DAD-3DHeads: A Large-scale Dense, Accurate and Diverse Dataset for 3D Head Alignment from a Single Image
This work addresses the problem of accurate 3D head modeling in uncontrolled environments for computer vision applications, though it is incremental as it builds on existing datasets and methods.
The authors tackled 3D head alignment from single images by introducing DAD-3DHeads, a large-scale dataset with over 3.5K landmarks, and DAD-3DNet, a model that outperforms or matches state-of-the-art in tasks like 3D head pose estimation and face shape reconstruction on benchmarks such as AFLW2000-3D and NoW.

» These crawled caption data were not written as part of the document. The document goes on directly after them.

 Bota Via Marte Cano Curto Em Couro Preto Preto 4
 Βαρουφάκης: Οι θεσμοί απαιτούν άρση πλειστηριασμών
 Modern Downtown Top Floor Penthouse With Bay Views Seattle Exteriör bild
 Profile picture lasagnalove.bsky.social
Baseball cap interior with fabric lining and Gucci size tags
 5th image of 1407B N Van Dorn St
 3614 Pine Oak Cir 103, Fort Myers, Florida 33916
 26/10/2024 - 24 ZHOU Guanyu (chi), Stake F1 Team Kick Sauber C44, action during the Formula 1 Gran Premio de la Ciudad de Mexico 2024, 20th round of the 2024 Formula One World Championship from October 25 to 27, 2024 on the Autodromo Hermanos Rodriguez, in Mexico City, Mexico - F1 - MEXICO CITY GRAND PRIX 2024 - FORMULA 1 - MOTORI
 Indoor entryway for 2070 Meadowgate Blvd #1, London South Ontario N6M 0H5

We present DAD-3DHeads, a dense and diverse large-scale dataset, and a robust model for 3D Dense Head Alignment in the wild. It contains annotations of over 3.5K landmarks that accurately represent 3D head shape compared to the ground-truth scans. The data-driven model, DAD-3DNet, trained on our dataset, learns shape, expression, and pose parameters, and performs 3D reconstruction of a FLAME mesh. The model also incorporates a landmark prediction branch to take advantage of rich supervision and co-training of multiple related tasks. Experimentally, DAD-3DNet outperforms or is comparable to the state-of-the-art models in (i) 3D Head Pose Estimation on AFLW2000-3D and BIWI, (ii) 3D Face Shape Reconstruction on NoW and Feng, and (iii) 3D Dense Head Alignment and 3D Landmarks Estimation on DAD-3DHeads dataset. Finally, the diversity of DAD-3DHeads in camera angles, facial expressions, and occlusions enables a benchmark to study in-the-wild generalization and robustness to distribution shifts. The dataset webpage is https://p.farm/research/dad-3dheads.